この違いを理解しないまま計測器を使用すると、信号の特性を正しく評価できなかったり、問題の原因を見誤ったりする可能性があります。そのためここではファンクションジェネレータを使っていくつかの代表的な信号を生成し、それをオシロスコープとスペクトラムアナライザで同時に観測することで、両者の見え方の違いを検証します。
入力インピーダンスの影響
オシロスコープとスペクトラムアナライザは解析領域以外にも違いがあり、それが入力インピーダンスです。入力インピーダンスとは信号源から見たときの負荷(回路、計測器など)のインピーダンスのことで、用途によって適切な入力インピーダンスが異なります。
一般的な電気・電子回路の場合、対象とする信号の周波数が低いため入力インピーダンスが高いものが好まれます。入力インピーダンスが高くなることのメリットは信号の電圧降下を最小化できることです。ロー出し・ハイ受けと言われるように、出力インピーダンスが低く、入力インピーダンスが高い組み合わせが最も良いとされています。

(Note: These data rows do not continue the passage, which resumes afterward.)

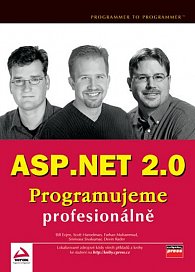 ASP.NET 2.0 - Programujeme profesionálně
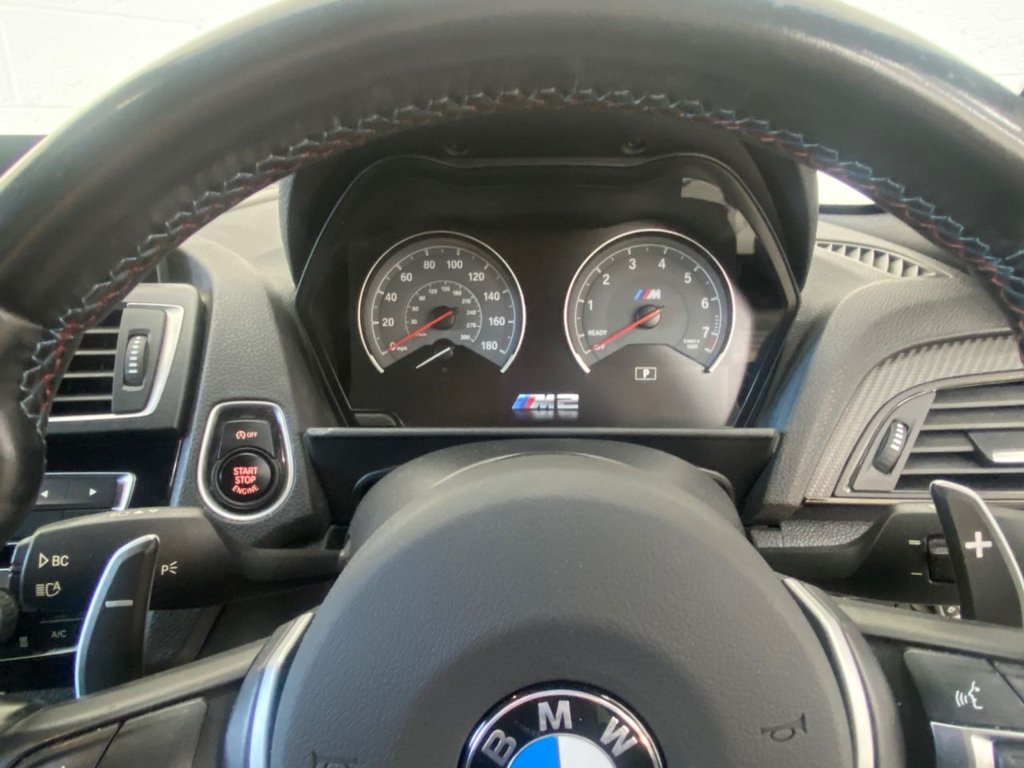 Used BMW M2 2017 for sale - 76068923: Photo 18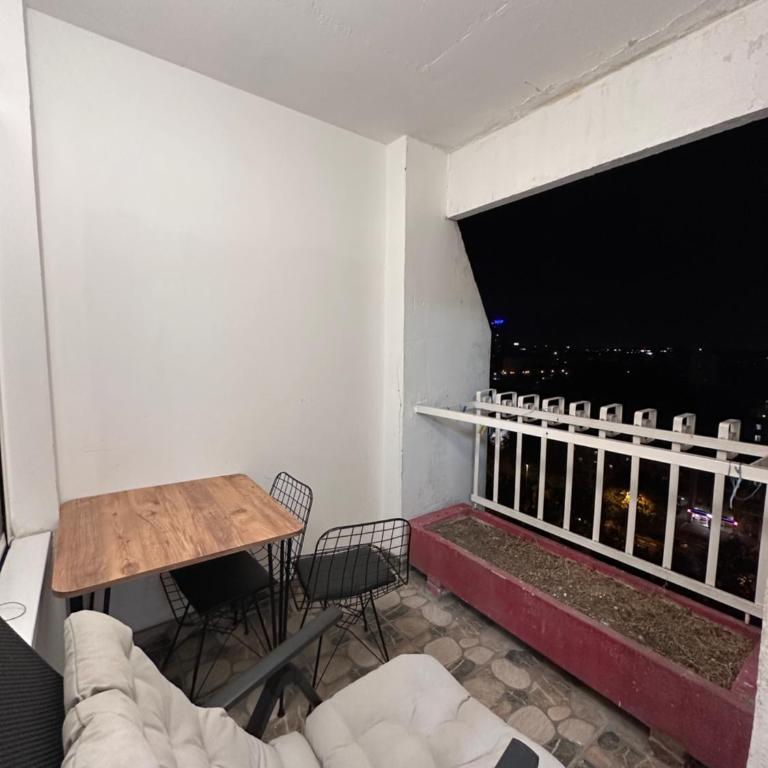 Apartment in New Belgrade Blok 30 - Apartman sa 1 Spavaćom Sobom - 11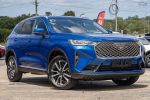 Image for 2024 GWM Haval H6 Lux Auto
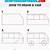 how to draw a van step by step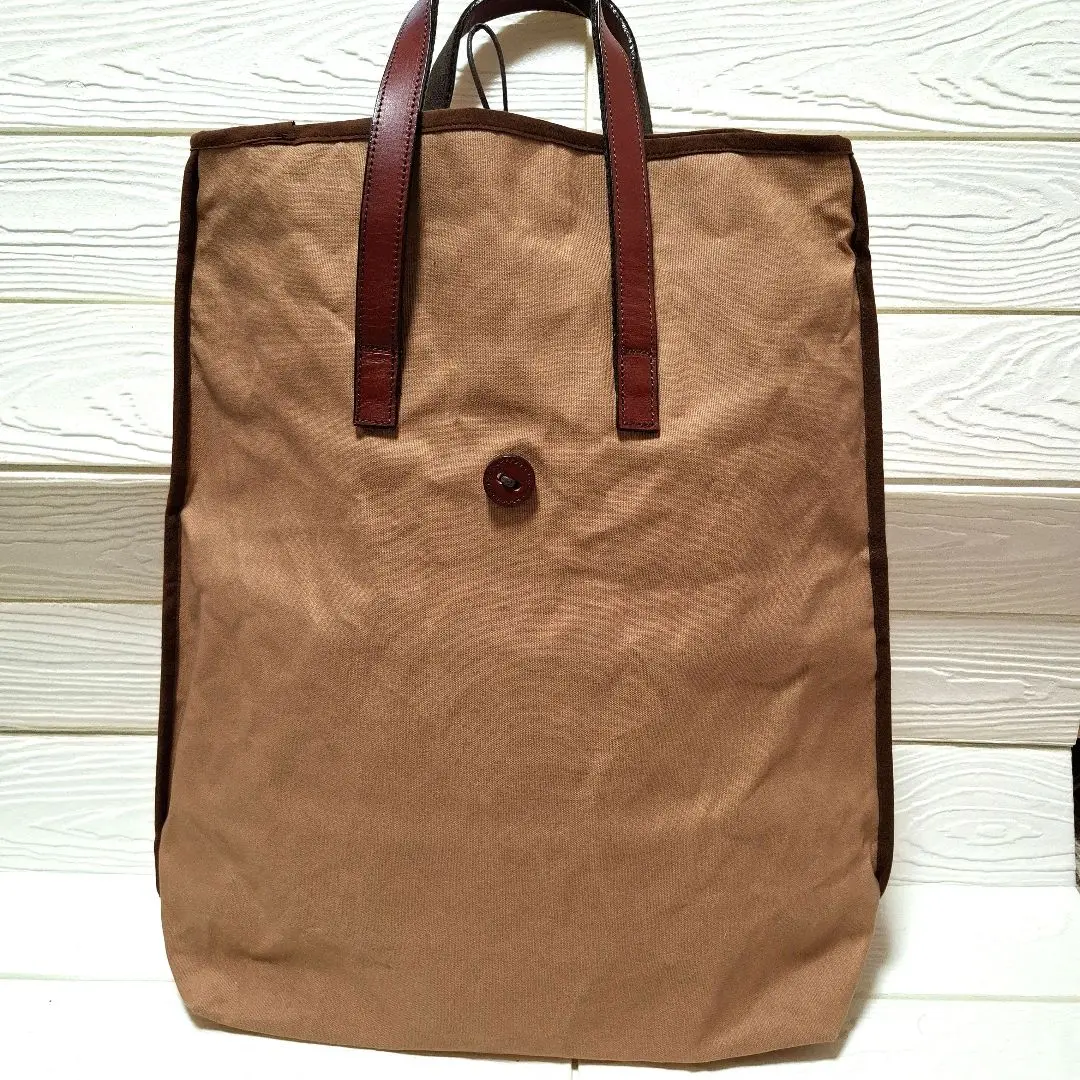 未使用 Angler's House ファスコボストンバック ショルダー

一方で高周波回路ではインピーダンスの不整合によって信号が反射するため、出力インピーダンスと入力インピーダンスの大きさを一致させる必要があります。一般的には入出力インピーダンスは50Ωで統一されていますが、用途によっては75Ω、100Ω、150Ωなどの場合もあります。
オシロスコープの入力インピーダンス
オシロスコープの測定対象となる回路は一般的な電気・電子回路がほとんどです。そのためオシロスコープの入力インピーダンスは1MΩと非常に高く設定されています。これは、測定対象の回路にオシロスコープを接続した際に、できるだけ回路の動作に影響を与えないようにするためです。
スペクトラムアナライザの入力インピーダンス
スペクトラムアナライザは高周波信号を扱うため、入力インピーダンスは信号源と同じ50Ωに設計されています。信号源の出力インピーダンスと計測器の入力インピーダンスが等しい状態をインピーダンス整合(マッチング)と呼び、信号の反射が抑えつつ、信号源からのエネルギーが最も効率よく伝送できるようになっています。
インピーダンス不整合の影響と対策
ファンクションジェネレータ(50Ω)から出力された信号を、入力インピーダンスが1MΩのオシロスコープで測定する場合、インピーダンスは整合しません。これによって信号の反射が起こり、特に高い周波数では波形が乱れる原因となります。またオシロスコープで観測される電圧は、インピーダンスが整合している場合に比べて振幅が2倍になります。そのため高周波信号を精度良く測定するために、分岐コネクタを使ってオシロスコープに50Ω終端(ターミネータ)を接続してインピーダンスを整合させます。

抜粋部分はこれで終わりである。